*** Opening of SOURCE DATA ***

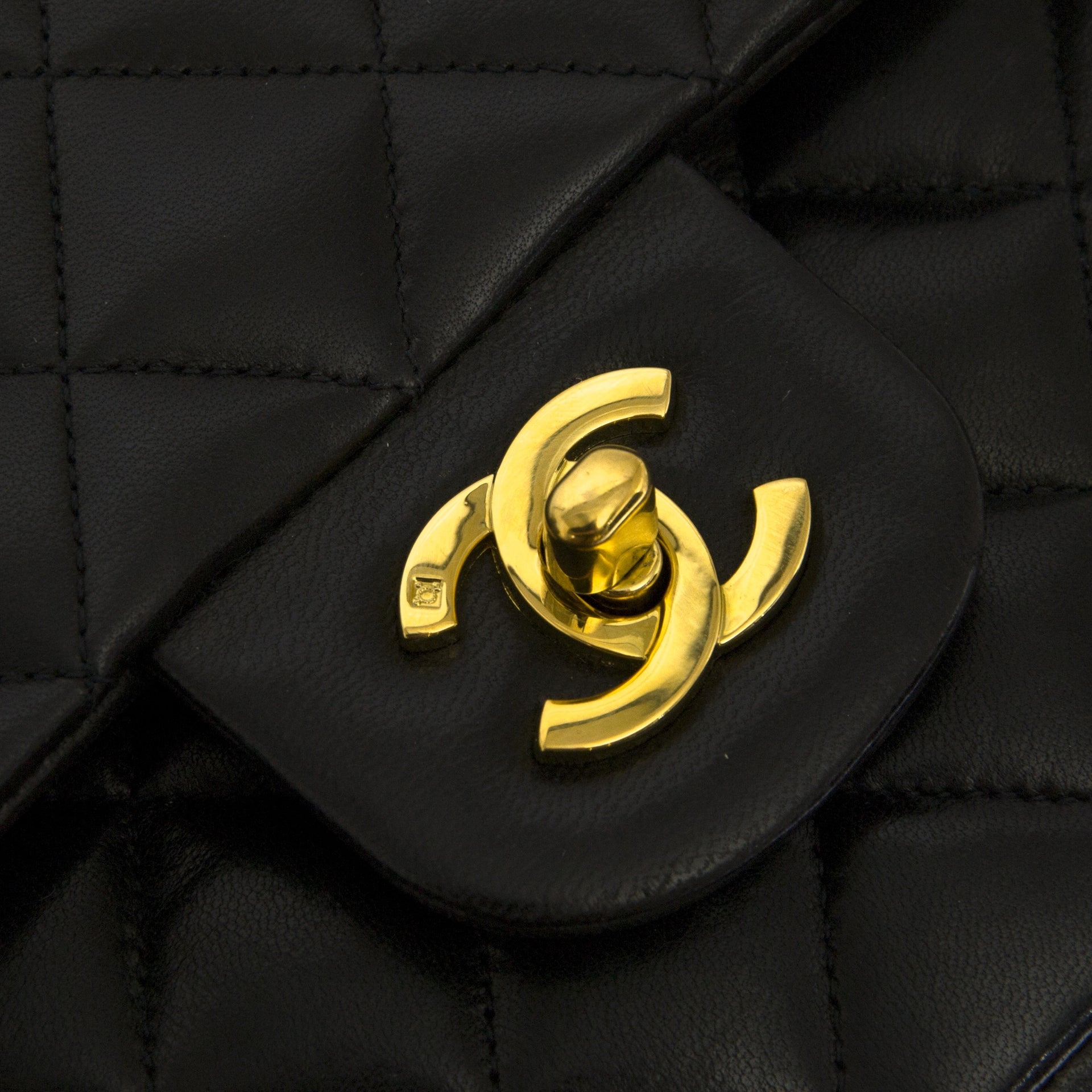Chanel Zwarte Lamsleren Medium Classic Flap Tas GHW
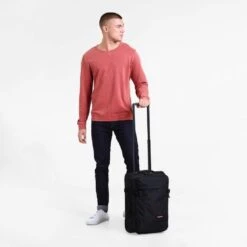 Eastpak TRANVERZ XS Reiskoffer, Handbagage (48 X 32 X 21 Cm) - Black -Bagageopslag 1200x1200 709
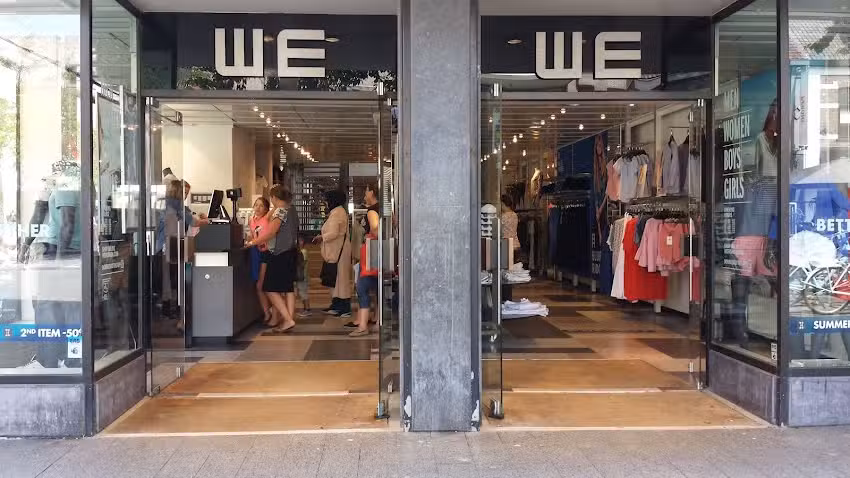 WE Fashion Hengelo &ndash; Enschedesestraat
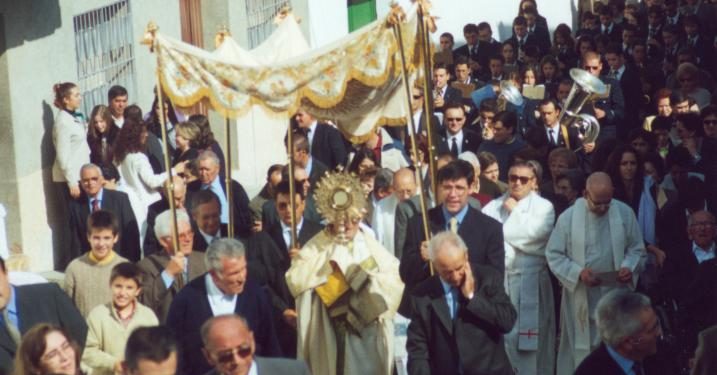 27 de octubre de 2001. Así celebró Fuentelespino de Haro «El Corpus»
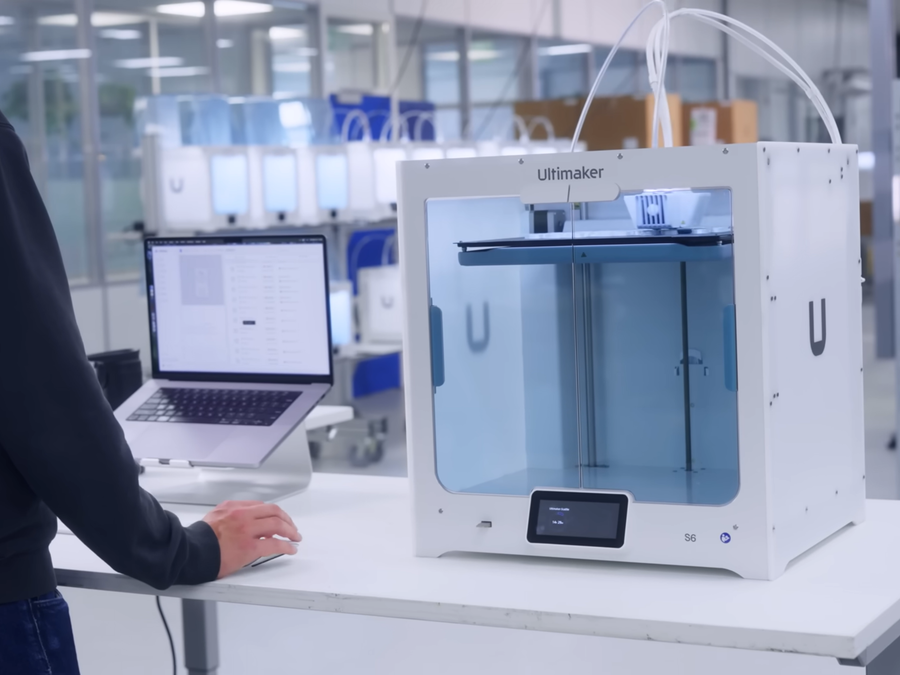 UltiMaker S6 3D Printer Pro Bundle - Flex Build Plate with 3 Year UltiMakerCare Plan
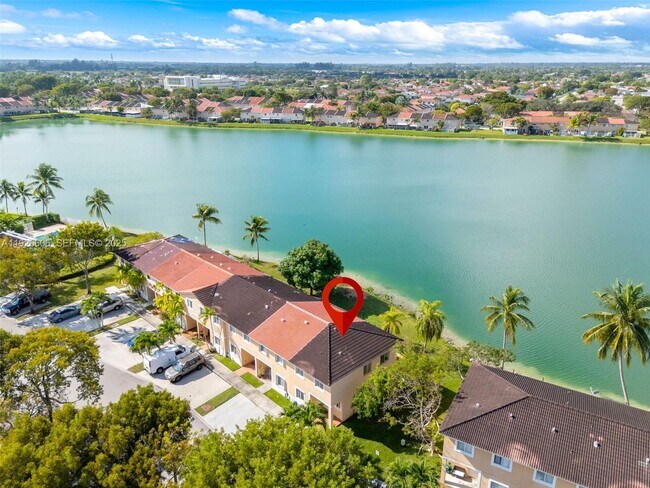 Building Photo - 17542 SW 139th Ct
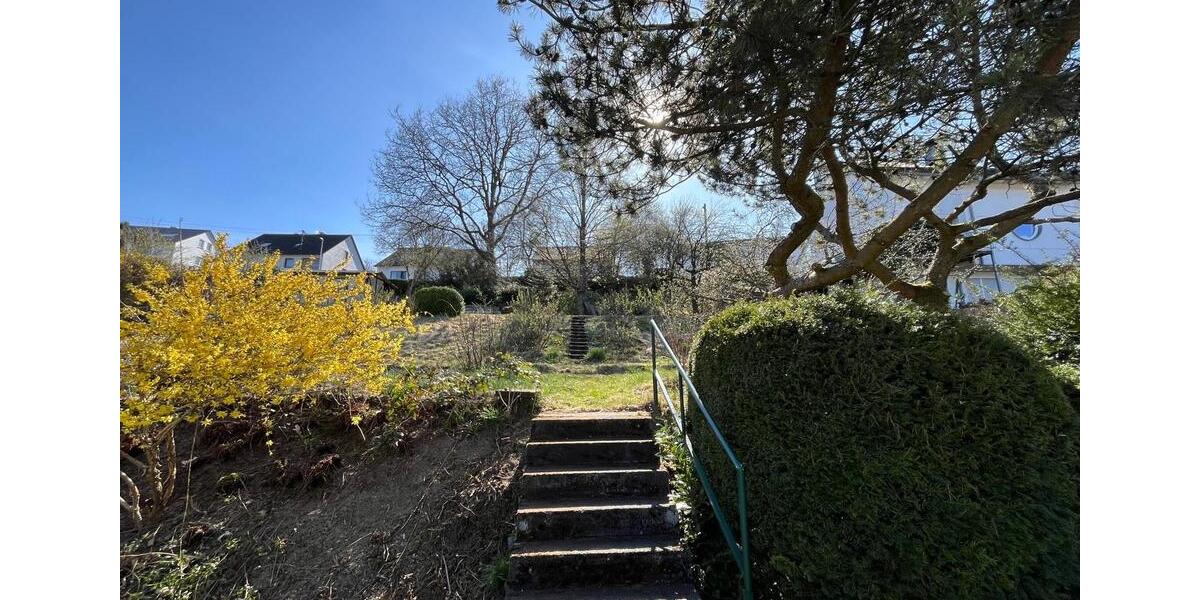 Einfamilienhaus Freudenberg - 8 Zimmer, 150 m&sup2;, 290.000&euro; | Angebot:26223470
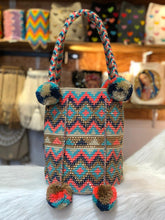 Bolso Wayuú Trenza Borla Pedrería 29 x 29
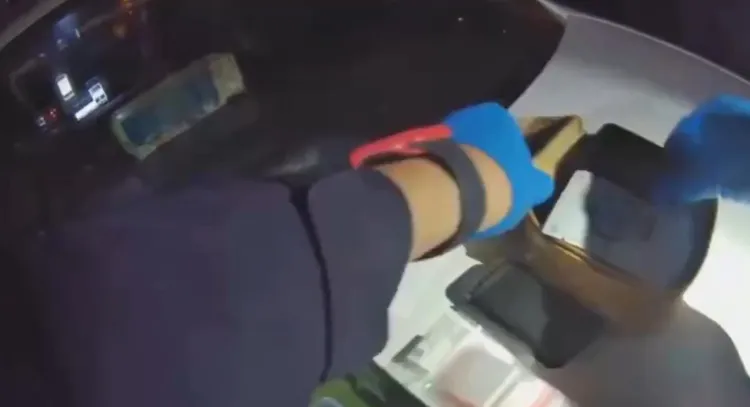 警方於潘男轎車裡查到毒品。翻攝畫面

*** Close of SOURCE DATA ***

WHAT YOU SHOULD DO:
Pictures are not part of the copy. Reproduce the lines from the one with "Bolso Wayuú Trenza Borla Pedrería 29 x 29" through the end of the listing above.

WRITTEN ANSWER:
 Bolso Wayuú Trenza Borla Pedrería 29 x 29
 警方於潘男轎車裡查到毒品。翻攝畫面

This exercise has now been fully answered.